Bu günlere gelene kadar, bakıyoruz ki sanal alemde ve piyasalarda, muhalif görüşlüler çoğunlukta ama seçimlere sıra gelip, gerçek sandık ortaya konunca, sanal alemde oluşan tepkinin, sandığa yansımaması, koca bir demokratik soru işaretidir?
Toplum bilimcilerin ve ekonomistlerin enine boyuna araştırması gerekir!
Demek oluyor ki sanal alem, oluşan toplumsal kızgınlığın ve tepkinin basıncını düşürüyor ve seçmende sanal bir tatmin oluşturuyor! Yani bir çeşit toplumun ve piyasalarun gazını alıyor...
Ya da çok bilinçli bir oluşumla, toplum yanıltıp, yönlendiriliyor!

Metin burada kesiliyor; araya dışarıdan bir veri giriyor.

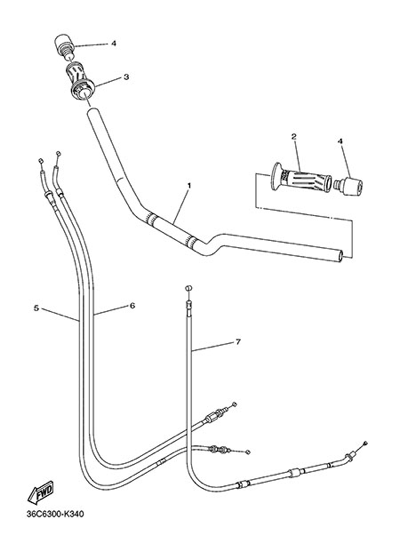 Yamaha XJ6 Diversion 2014 GUIDON & CABLES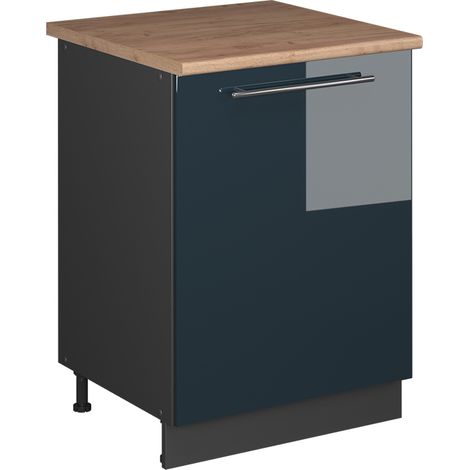 Mobiletto base cucina Fame-Line, Blu scuro lucido/Antracite, 60 cm 1 anta con piano di lavoro, Vicco (1/5)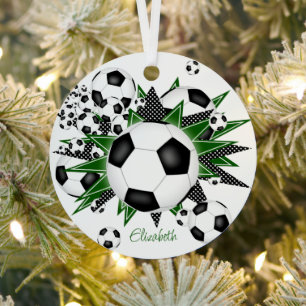 voetballen met groene zwarte sterren metalen ornament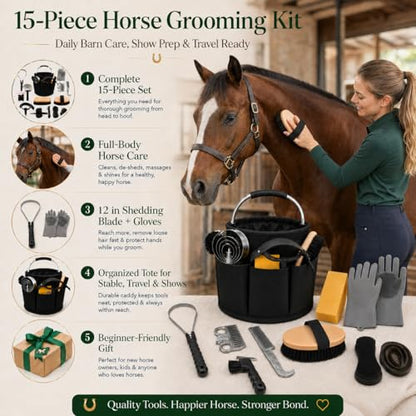 Horse Grooming Kit, 15-Piece Horse Brush Set with Tote Bag, Long Shedding Blade, Hoof Pick, Curry Comb, Sweat Scraper, Mane and Tail Comb, Gloves, Equine Grooming Supplies, Black - color: Black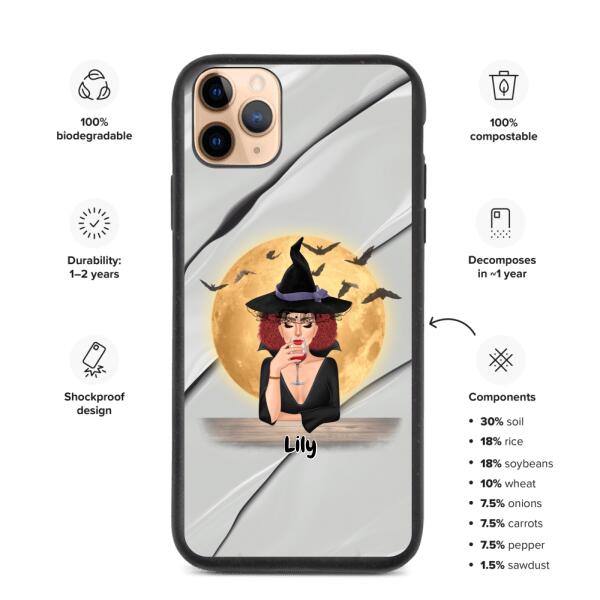 Halloween Witch with Pets Cats/Dogs - Up to 2 Pets | Customizable iPhone/Eco iPhone Case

İşte bu nedenlerle demokrasilerde sonuç alabilmek için, sanal değil, gerçek demokratik eylemler yapılması kural haline gelmiştir... Yapılan tepkiler, yürütmeyi ve seçilmişleri endişelendirmiyor ise? Biliniz ki seçilen muktedirler, yaptıkları yürütme yöntemlerinden, asla vaz geçmeyeceklerdir! Hele hele her seçimde ekseri oyu almaya devam ediyorlarsa? Hali ile ''en iyiyi, en doğruyu ben ya da biz yapıyoruz ya da yanlışta yapsak, seçmenin teveccühü bizden yana, o halde durmak yok yola devam'' diye düşünmeleri, son derece doğal ve yerinde değil mi?
Demek ki ''seçtikleriniz sebep, yaşadığımız ve karşılaştığımız iyi ya da kötü her şey sonuçtur!''
Seçmen ve özellikle sanayici ve sermaye, önce verdiği oyu ile aynaya bakmalı sonra seçtiklerine serzenişte bulunmalı ya da tepki göstermelidir.
Gerisi Lafügüzaftır...
Sözün özü;
Demokrasilere güç ve değer katan, seçmenin, sermayenin, özelliklede ücretlinin isabetli ve yerinde oy kullanması ve her daim seçtiklerini denetleyebilmesidir!